En su libro "Conducción política" reflexiona largamente sobre si esa capacidad es una ciencia o un arte y si es innata o puede aprenderse. Sobre la cuestión va y viene, pero parece prevalecer la idea de excepcionalidad y de destino. Gandhi, Mao, Tito o Perón hay uno solo. Estos interrogantes sin embargo no desaparecen. Cuando más tarde Perón emite sus famosas sentencias "Mi único heredero es el pueblo" o "Sólo la organización vence al tiempo" mantiene esa extraña ambivalencia. Por una parte, la gran historia requiere del protagonismo de un sujeto impar, pero por la otra ese sujeto impar debe trabajar para tornarse en algún momento prescindible.

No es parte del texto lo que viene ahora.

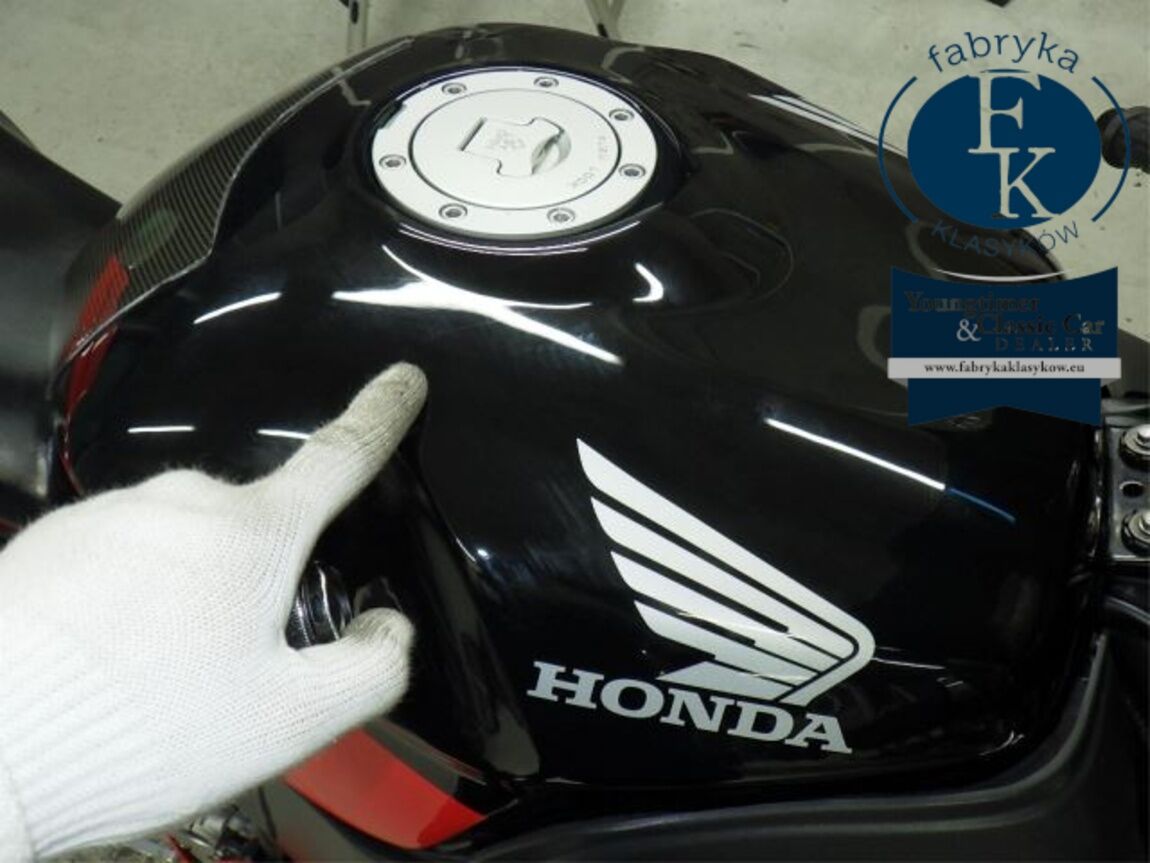 HONDA CBR954RR 2003 - zdjęcie 18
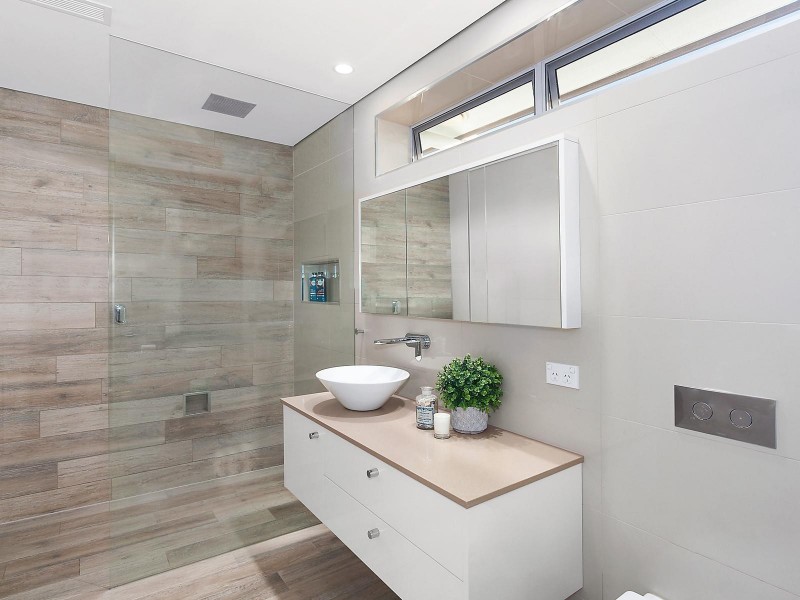 7 Windsor Road, Berkeley Vale NSW 2261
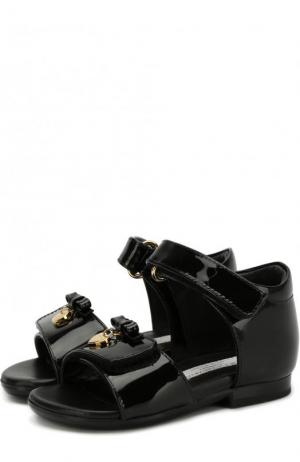 Лаковые босоножки с застежками велькро бантами Dolce & Gabbana. Цвет: черный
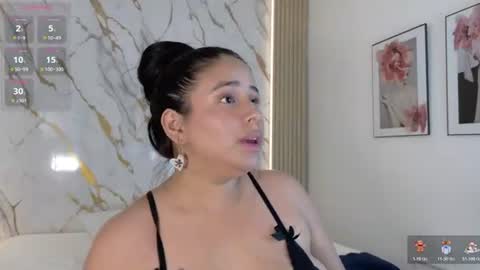 Snapshot of zoe_longhair chatting on 07.13.26 zoe_longhair online show from 07.13.26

Enfundadas en el marco oligárquico‑conservador del cual surgieron, las lecturas psicológicas de los líderes cayeron progresivamente en justo descrédito. Pero cuidado, pues esa perspectiva no puede desecharse absolutamente. Cuando de manera insistente y durable mayorías abrumadoras brindan su afecto a un Conductor este suele sumergirse en la autosuficiencia. Rasgo de carácter que tiende a desdeñar las voces de menor cuantía que se acercan para sugerirle caminos distintos a los que vienen siendo recorridos. Actitud comprensible, pues se afinca en el asentimiento de las multitudes, pero riesgosa pues impide atenuar la falibilidad que también es propiedad del personaje superior.

A la hora de afrontar estos laberintos los logros de Perón fueron limitados, siendo su confianza final depositada en María Estela Martínez la culminación de una gran revolución social que resolvió mal su continuidad organizativa y la transmisión del liderazgo. Era por supuesto un arduo desafío, tras dieciocho años de exilio y el acoso insaciable de los poderes más espantosos de aquí y de afuera.

¿Podrá Cristina Fernández resolver similares dilemas? En el llano, el kirchnerismo es una suma de grupos sin coordinación alguna, esperando espacios más horizontales de discusión política que se demoran. Vencer a Mauricio Macri también supone que la conducción estratégica del proyecto nacional y popular habilite un territorio donde circulen con lealtad palabras que tal vez en alguna ocasión puedan incomodarla.